Exercise data: Begin
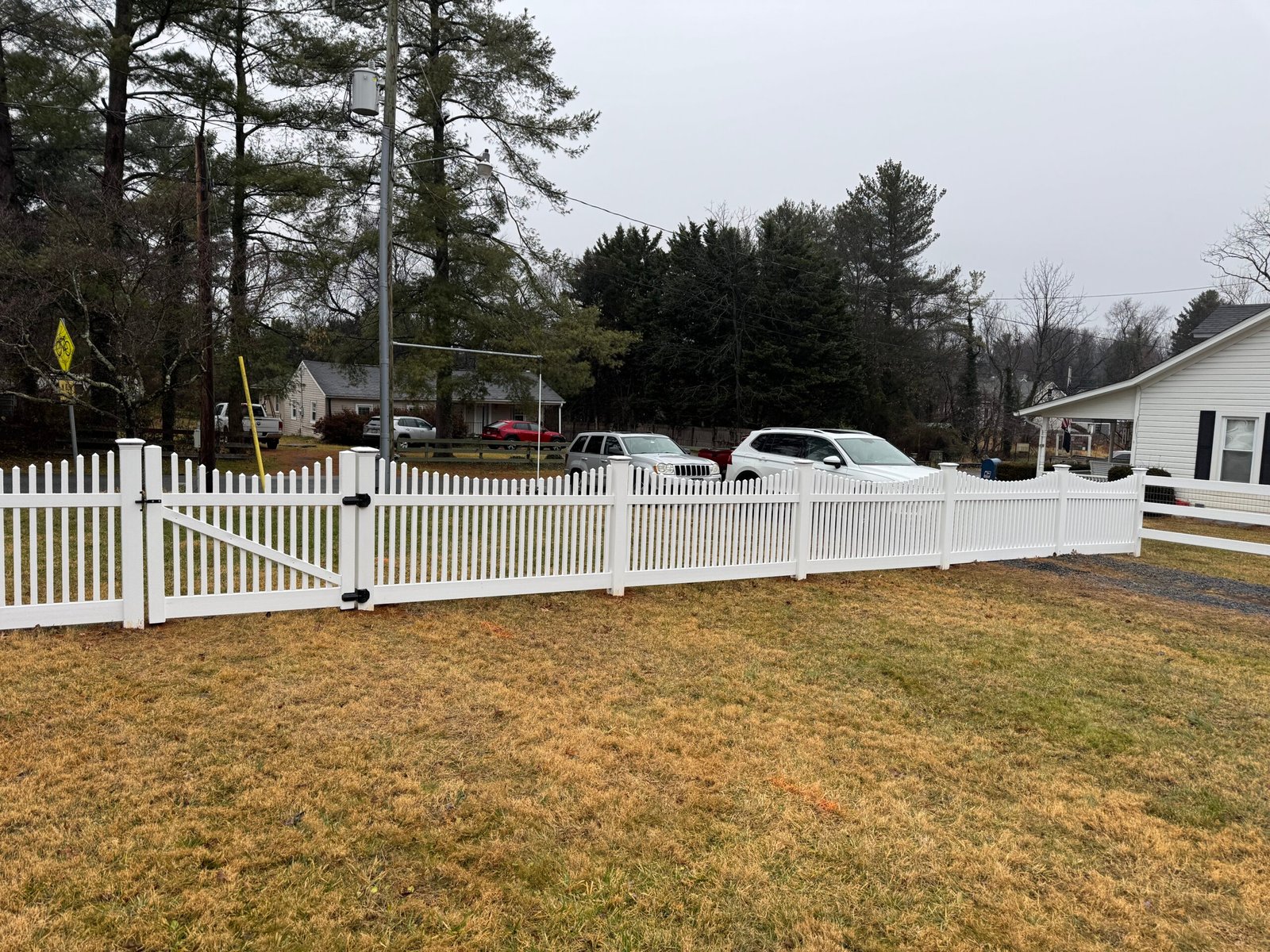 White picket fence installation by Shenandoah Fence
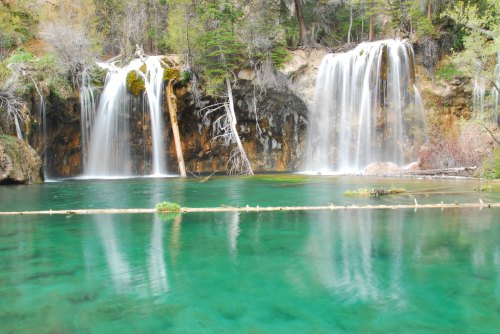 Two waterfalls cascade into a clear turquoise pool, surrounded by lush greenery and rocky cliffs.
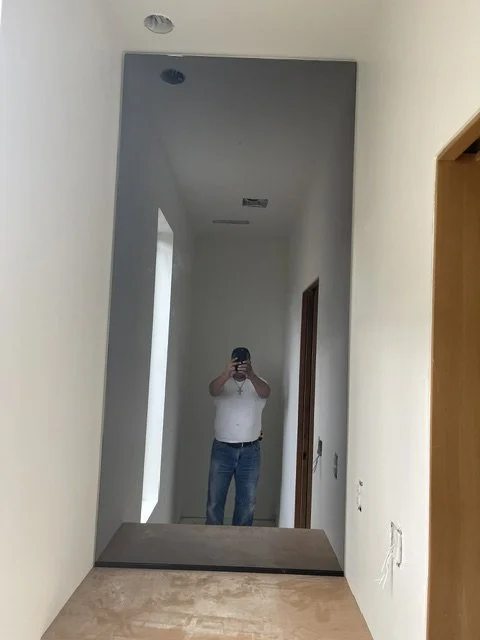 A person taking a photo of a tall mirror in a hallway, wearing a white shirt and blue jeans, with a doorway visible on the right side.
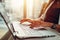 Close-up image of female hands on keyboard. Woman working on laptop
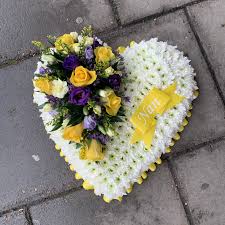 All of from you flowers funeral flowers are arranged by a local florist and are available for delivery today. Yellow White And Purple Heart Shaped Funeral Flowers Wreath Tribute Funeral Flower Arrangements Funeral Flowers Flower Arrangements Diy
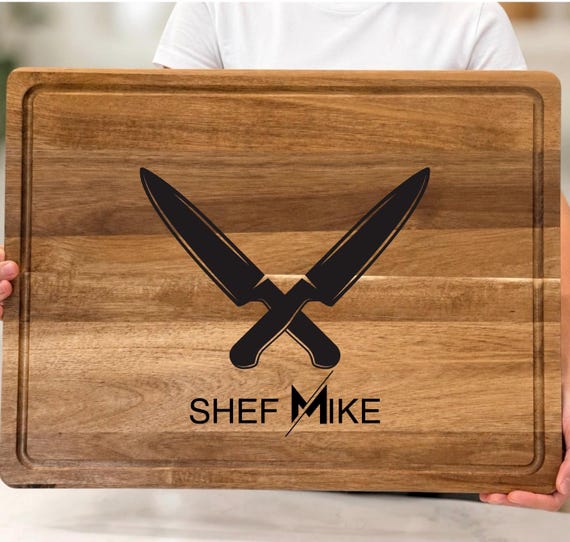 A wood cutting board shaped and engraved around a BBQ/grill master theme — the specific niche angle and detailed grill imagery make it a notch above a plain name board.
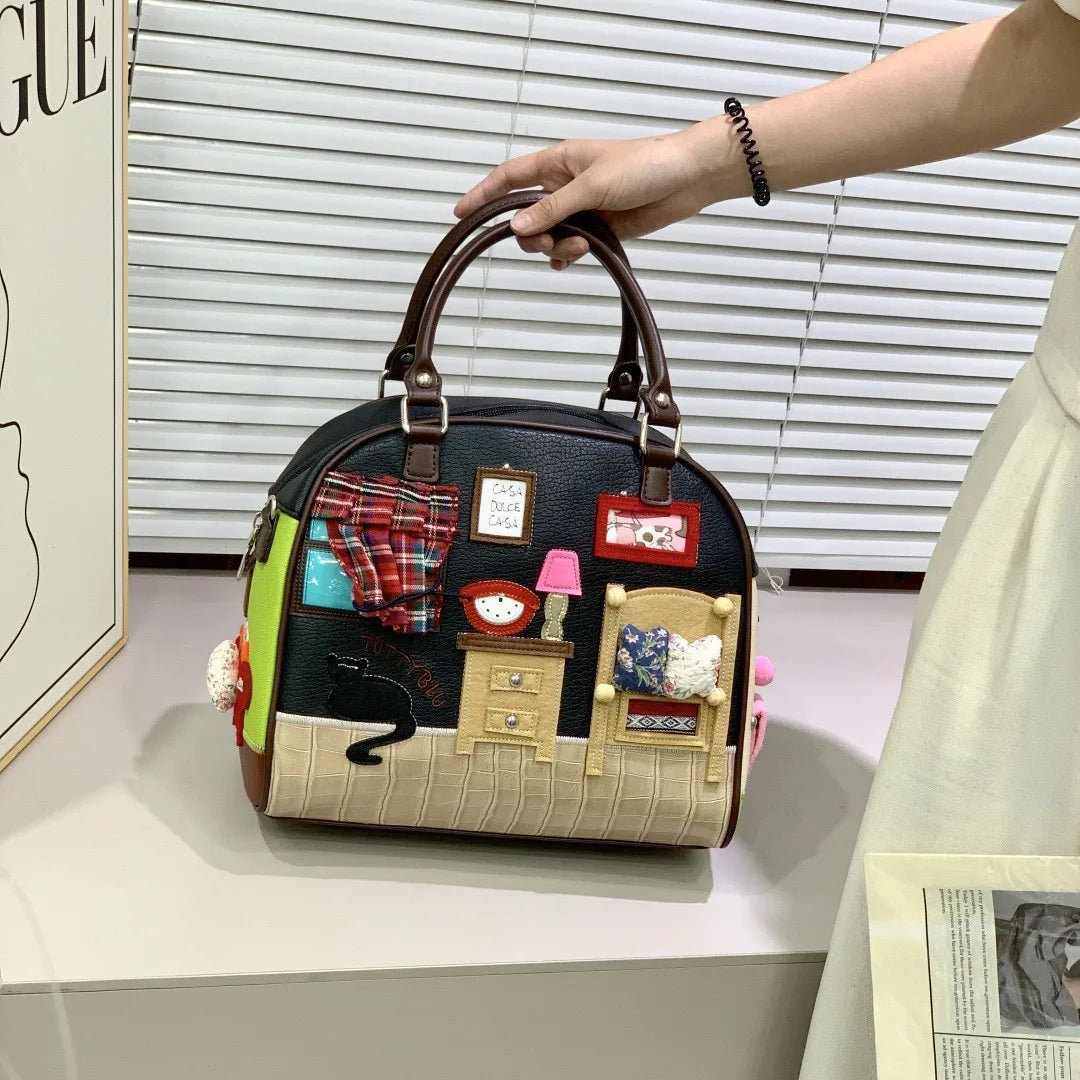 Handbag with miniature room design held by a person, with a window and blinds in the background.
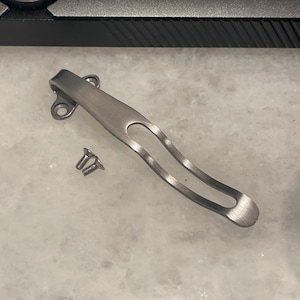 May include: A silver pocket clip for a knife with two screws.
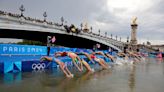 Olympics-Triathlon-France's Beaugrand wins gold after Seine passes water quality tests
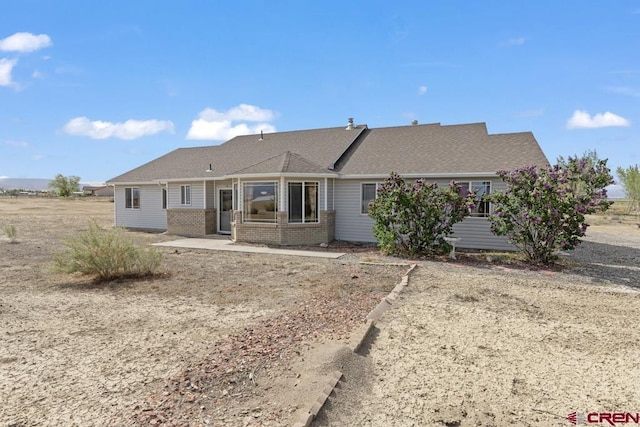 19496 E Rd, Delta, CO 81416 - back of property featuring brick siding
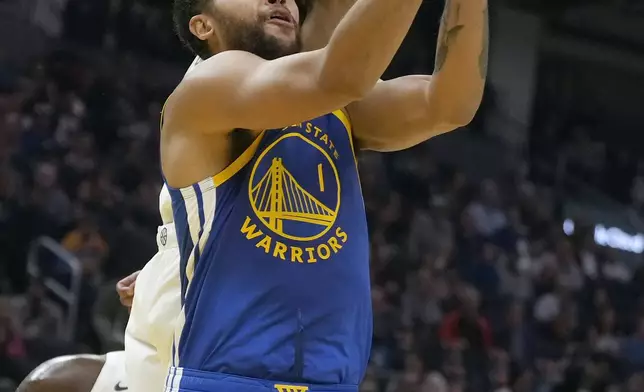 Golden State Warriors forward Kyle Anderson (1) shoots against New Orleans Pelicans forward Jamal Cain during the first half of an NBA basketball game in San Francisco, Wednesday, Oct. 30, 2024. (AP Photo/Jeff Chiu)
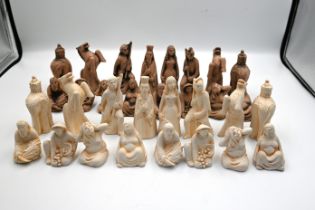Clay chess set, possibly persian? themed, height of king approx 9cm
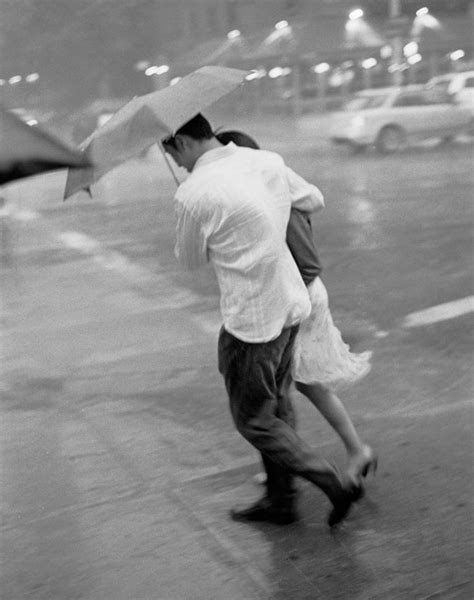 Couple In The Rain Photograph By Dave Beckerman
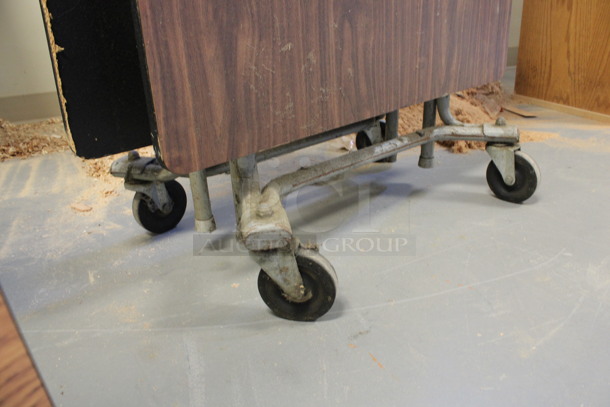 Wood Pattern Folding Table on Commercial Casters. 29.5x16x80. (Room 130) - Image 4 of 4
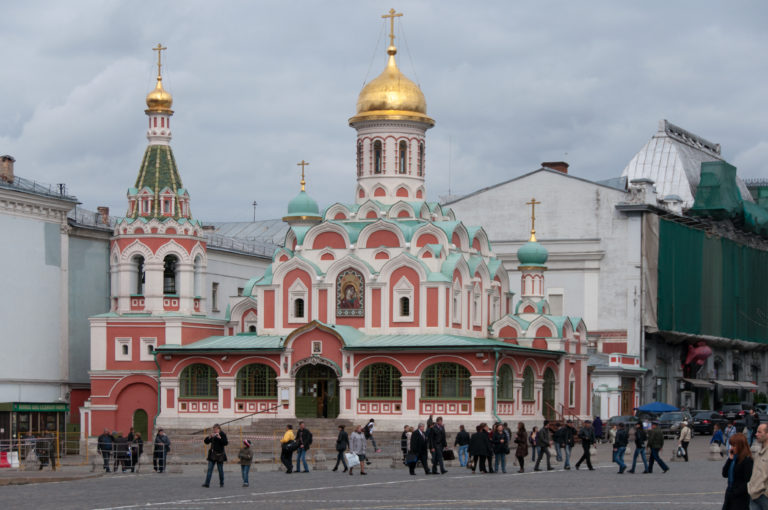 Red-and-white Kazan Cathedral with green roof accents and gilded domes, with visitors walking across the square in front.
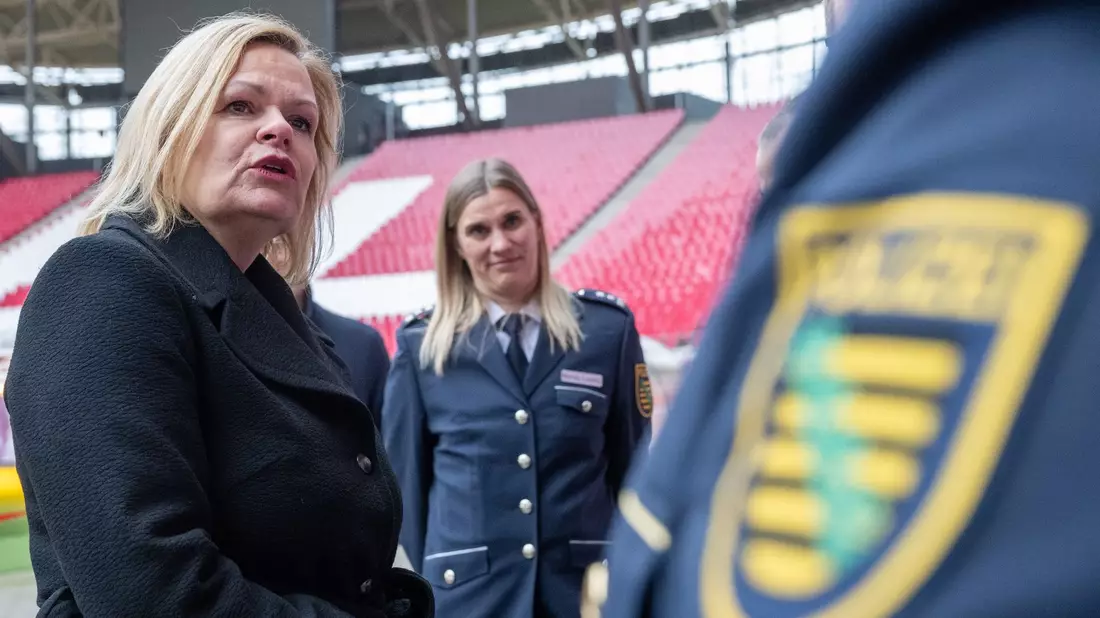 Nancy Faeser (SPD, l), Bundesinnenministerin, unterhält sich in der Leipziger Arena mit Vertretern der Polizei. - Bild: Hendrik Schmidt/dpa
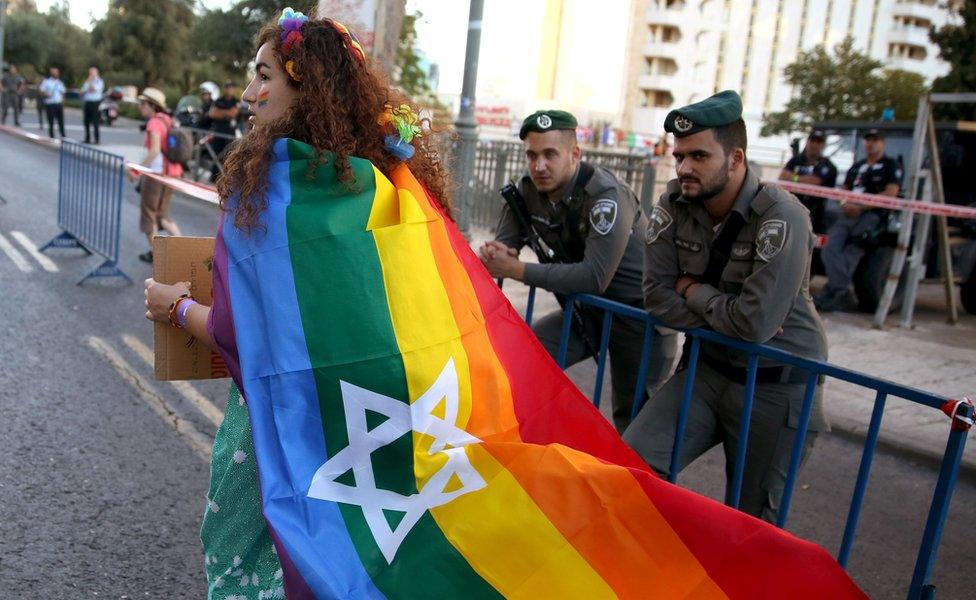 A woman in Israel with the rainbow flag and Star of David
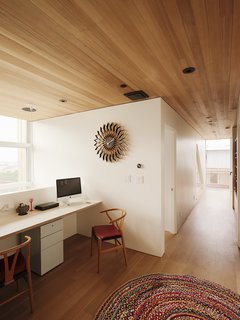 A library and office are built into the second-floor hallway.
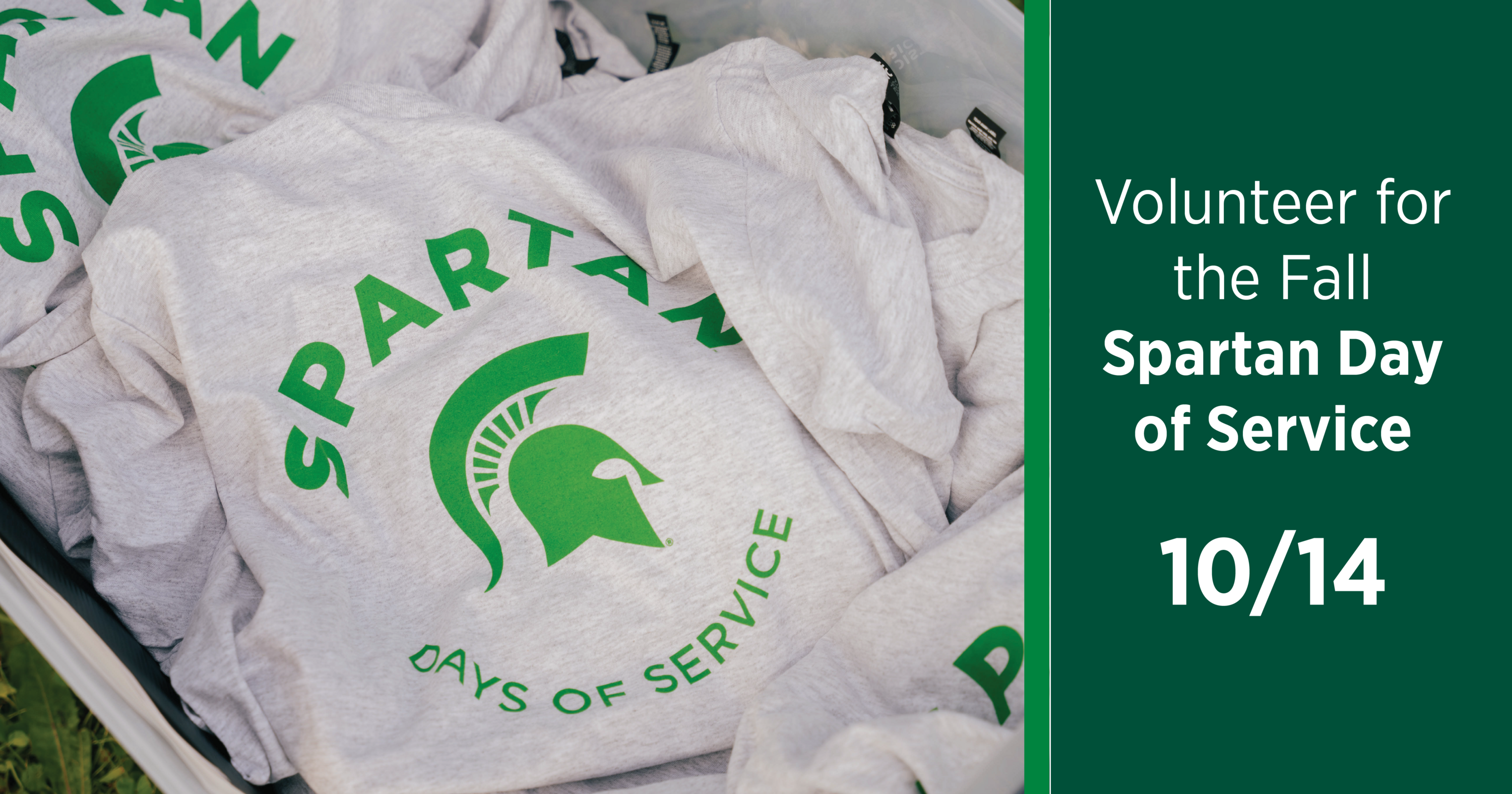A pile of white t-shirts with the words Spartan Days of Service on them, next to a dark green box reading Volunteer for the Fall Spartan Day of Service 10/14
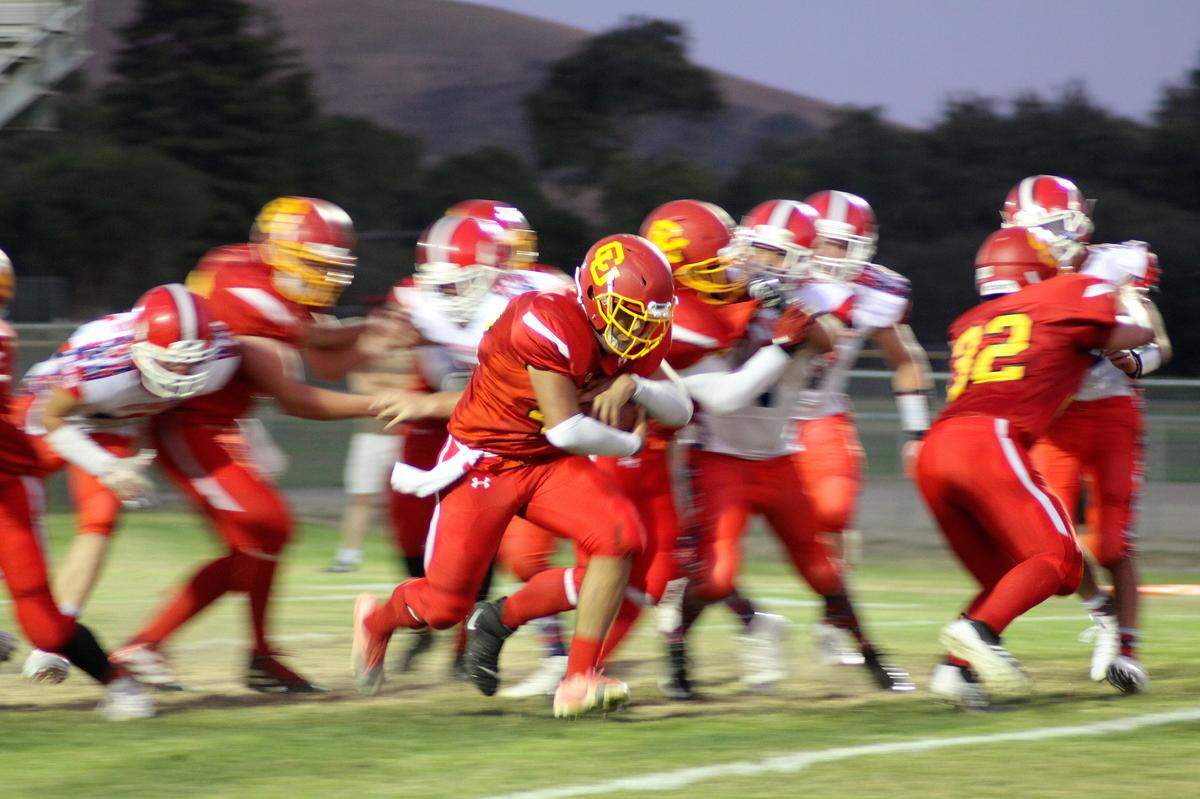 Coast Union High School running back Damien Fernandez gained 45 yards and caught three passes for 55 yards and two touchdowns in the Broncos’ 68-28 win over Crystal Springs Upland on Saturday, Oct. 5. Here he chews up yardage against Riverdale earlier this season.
Exercise data: End
**What to produce**
Leaving every picture behind, retype the entries above exactly, from the first line through the line with "A person taking", and stop there.

**Response to this task**
 White picket fence installation by Shenandoah Fence
 Two waterfalls cascade into a clear turquoise pool, surrounded by lush greenery and rocky cliffs.
 A person taking a photo of a tall mirror in a hallway, wearing a white shirt and blue jeans, with a doorway visible on the right side.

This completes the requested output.